* _Try it_:
Omit all pictures, then retype exactly the lines from the one that contains "VRW Western Cowboy" through the end of the listing.

* _Exercise data_:
------------------------------------------------------------------------

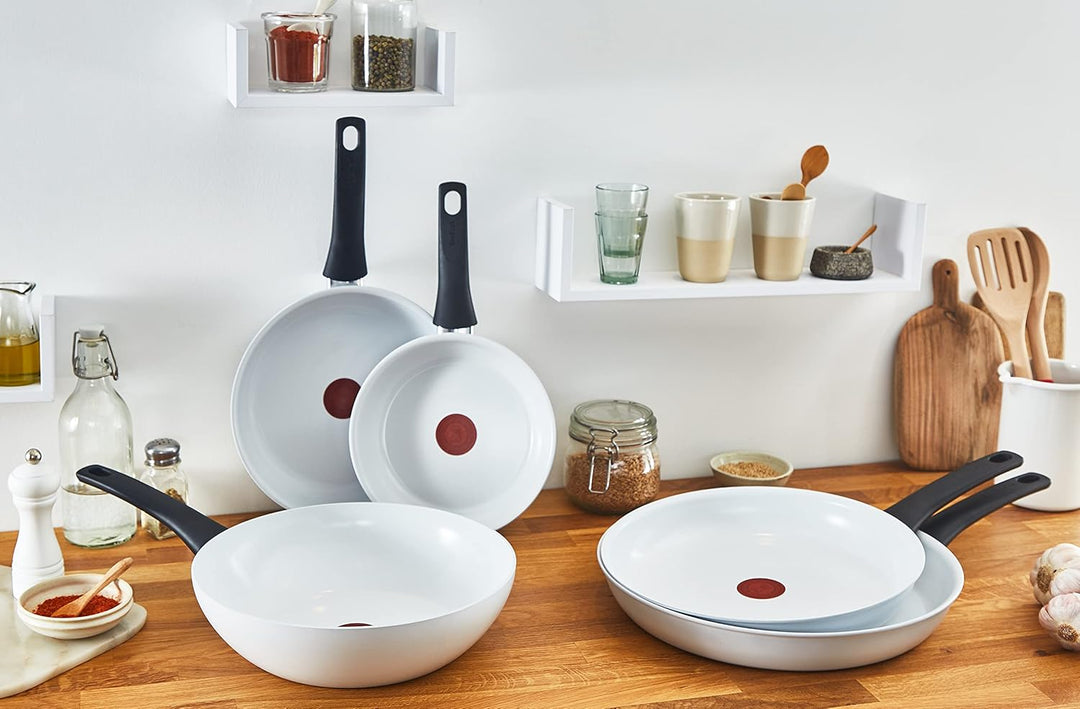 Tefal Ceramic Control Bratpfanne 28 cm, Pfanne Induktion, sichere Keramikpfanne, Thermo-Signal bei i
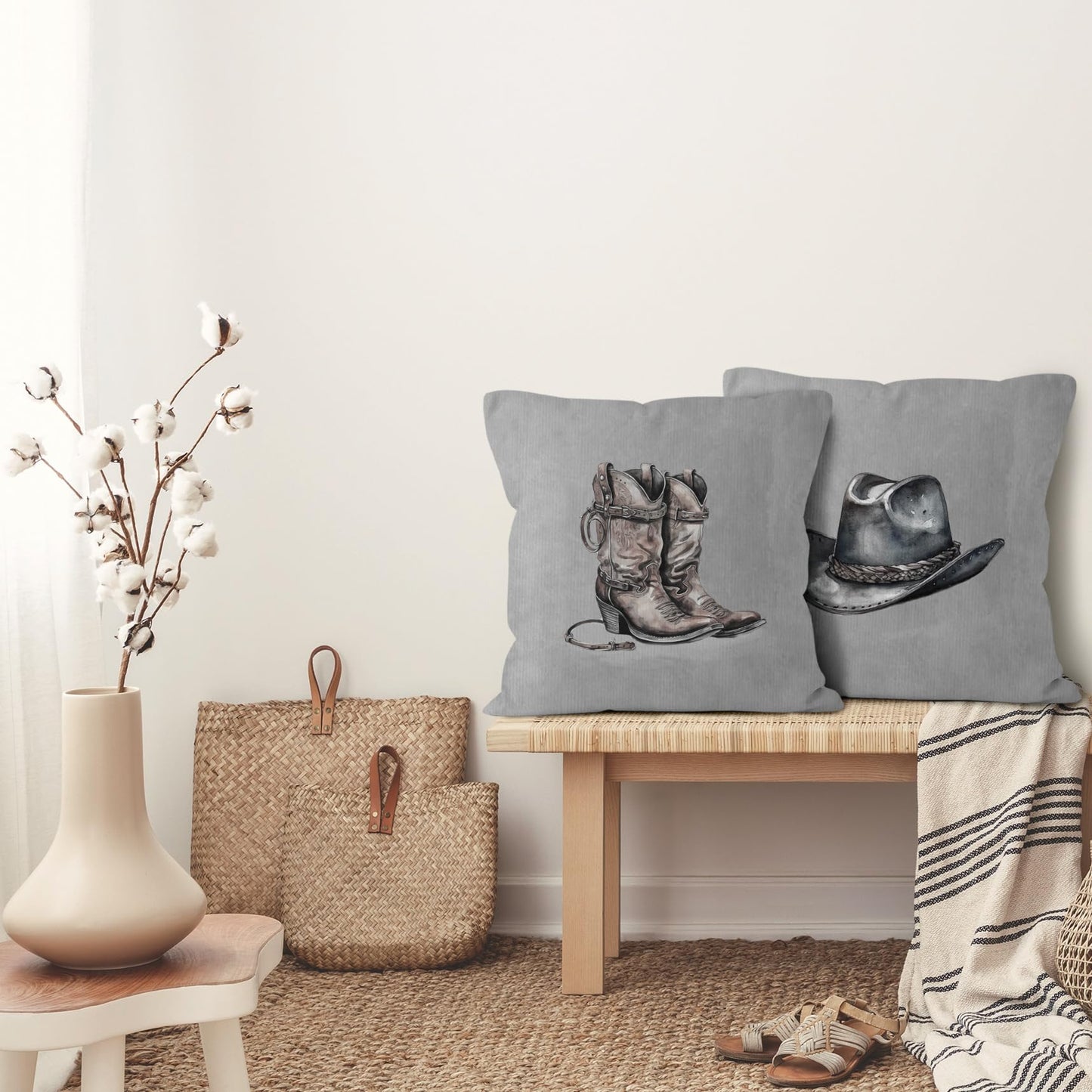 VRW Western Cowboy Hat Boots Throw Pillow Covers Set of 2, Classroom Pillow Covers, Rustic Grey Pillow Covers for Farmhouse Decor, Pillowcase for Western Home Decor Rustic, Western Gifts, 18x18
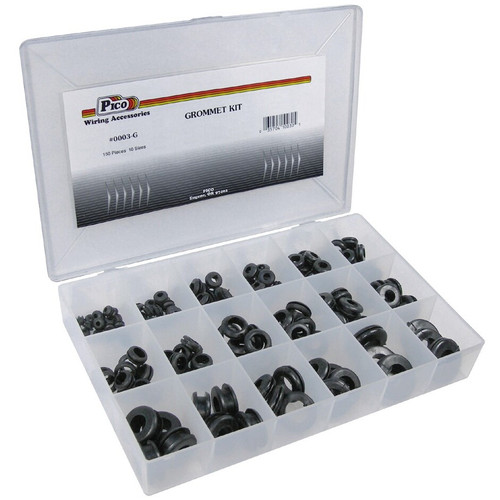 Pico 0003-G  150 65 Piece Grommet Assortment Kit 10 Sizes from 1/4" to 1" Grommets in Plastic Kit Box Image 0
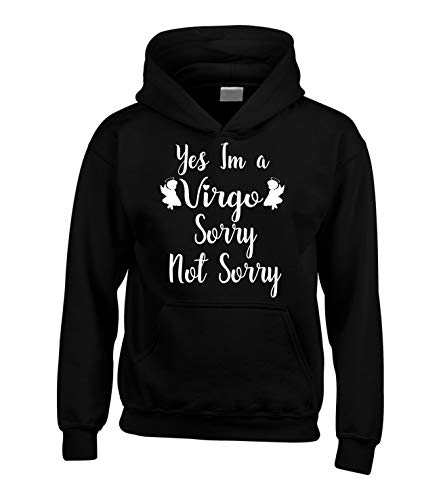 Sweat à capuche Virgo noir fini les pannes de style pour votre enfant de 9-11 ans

------------------------------------------------------------------------

* _Response to this exercise_:
 VRW Western Cowboy Hat Boots Throw Pillow Covers Set of 2, Classroom Pillow Covers, Rustic Grey Pillow Covers for Farmhouse Decor, Pillowcase for Western Home Decor Rustic, Western Gifts, 18x18
 Pico 0003-G  150 65 Piece Grommet Assortment Kit 10 Sizes from 1/4" to 1" Grommets in Plastic Kit Box Image 0
 Sweat à capuche Virgo noir fini les pannes de style pour votre enfant de 9-11 ans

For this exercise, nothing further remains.